In $\vartriangle ABC, D, E, F$ are the midpoints of $AB, BC, CA$ respectively. Denote by $O_A, O_B, O_C$ the incenters of $\vartriangle ADF, \vartriangle BED, \vartriangle CFE$ respectively. Prove that $O_AE, O_BF, O_CD$ are concurrent.

Suppose that for some $m,n\in\mathbb{N}$ we have $\varphi (5^m-1)=5^n-1$, where $\varphi$ denotes the Euler function. Show that $(m,n)>1$.

In $\vartriangle ABC$ with $AB > AC$, the tangent to the circumcircle at $A$ intersects line $BC$ at $P$. Let $Q$ be the point on $AB$ such that $AQ = AC$, and $A$ lies between $B$ and $Q$. Let $R$ be the point on ray $AP$ such that $AR = CP$. Let $X, Y$ be the midpoints of $AP, CQ$ respectively. Prove that $CR = 2XY$ .

Suppose that $m, n, k$ are positive integers satisfying $$3mk=(m+3)^n+1.$$Prove that $k$ is odd.

Let $\omega_1, \omega_2$ be two circles with different radii, and let $H$ be the exsimilicenter of the two circles. A point X outside both circles is given. The tangents from $X$ to $\omega_1$ touch $\omega_1$ at $P, Q$, and the tangents from $X$ to $\omega_2$ touch $\omega_2$ at $R, S$. If $PR$ passes through $H$ and is not a common tangent line of $\omega_1, \omega_2$, prove that $QS$ also passes through $H$.
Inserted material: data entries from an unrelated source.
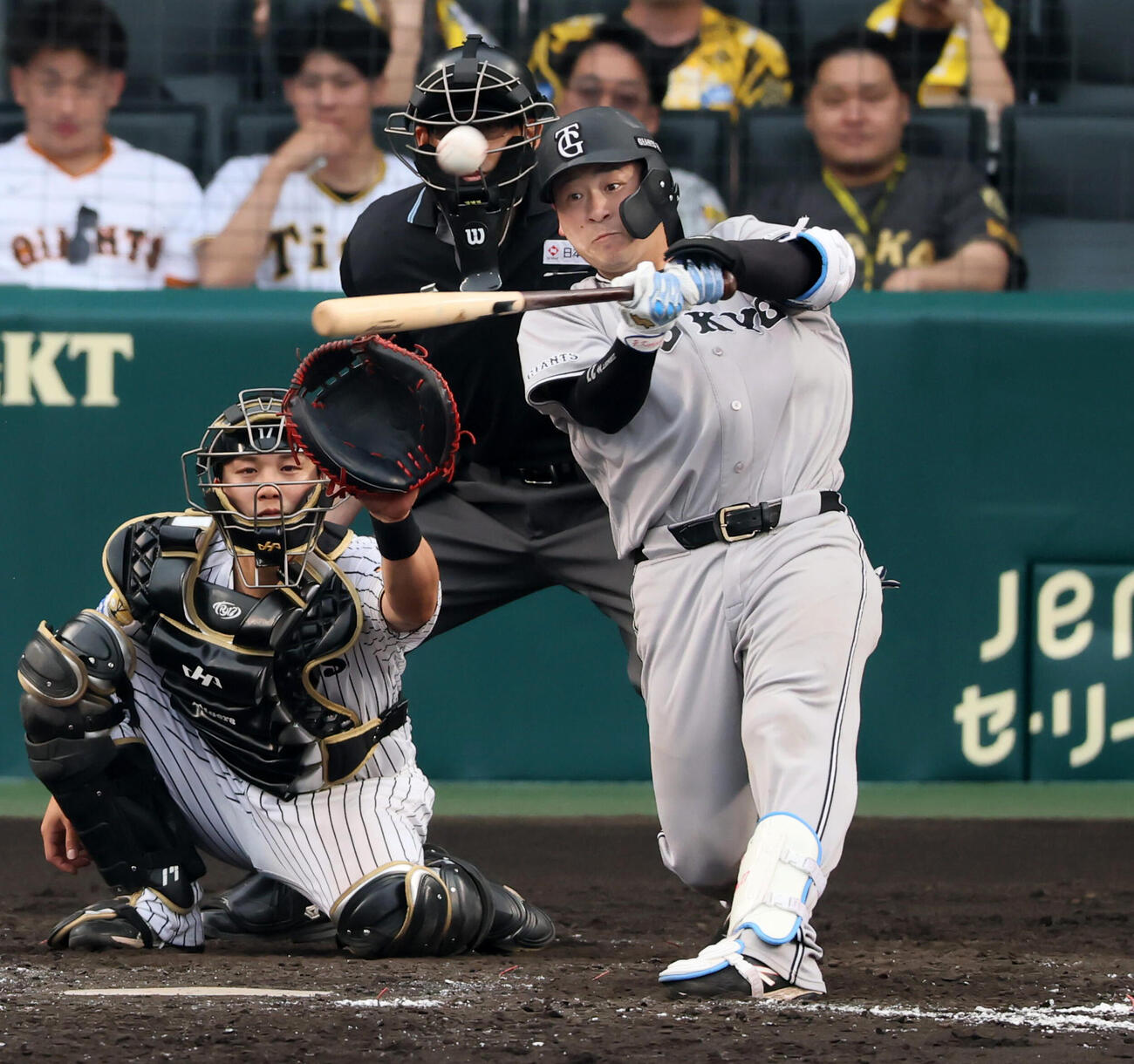 阪神対巨人　9回表巨人無死、岸田行倫は左越えソロ本塁打を放つ（撮影・加藤哉）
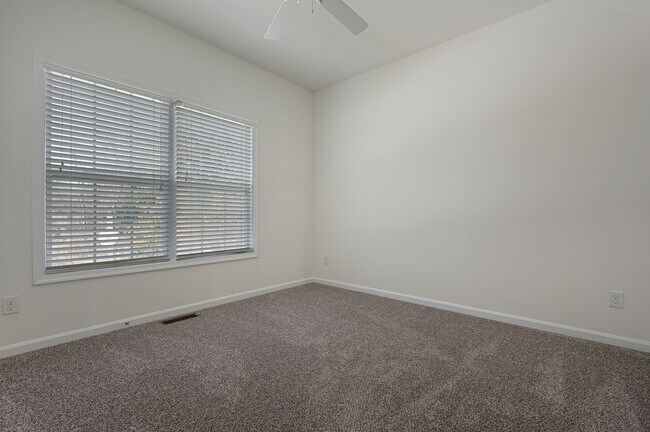 Building Photo - 15 Little Birch Dr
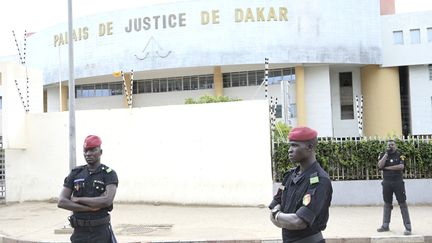 Le palais de Justice où a été jugé l'opposant Ousmane Sonko à Dakar (Sénégal). (SEYLLOU / AFP)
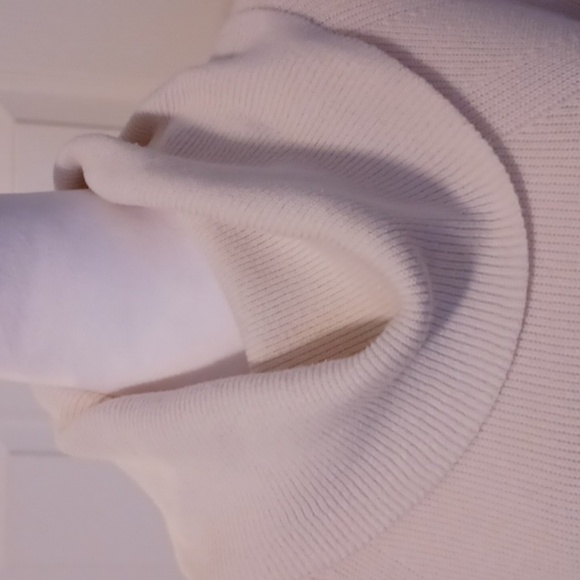 💙🌺Women's White/Cream Sweater - Picture 6 of 10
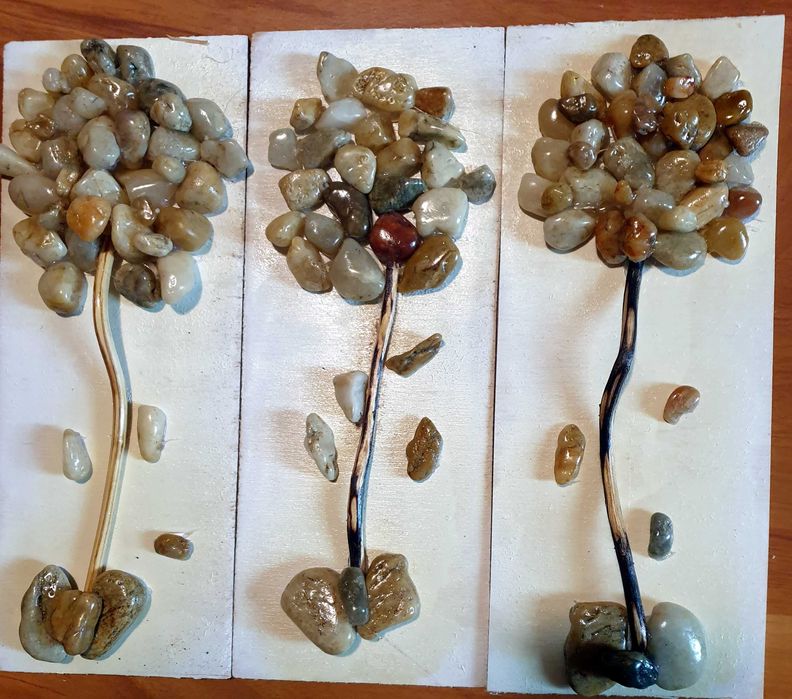 Vand: tablouri lucrate manual, cu pietre, scoici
$A$ and $B$ plays a game, with $A$ choosing a positive integer $n \in \{1, 2, \dots, 1001\} = S$. $B$ must guess the value of $n$ by choosing several subsets of $S$, then $A$ will tell $B$ how many subsets $n$ is in. $B$ will do this three times selecting $k_1, k_2$ then $k_3$ subsets of $S$ each. What is the least value of $k_1 + k_2 + k_3$ such that $B$ has a strategy to correctly guess the value of $n$ no matter what $A$ chooses?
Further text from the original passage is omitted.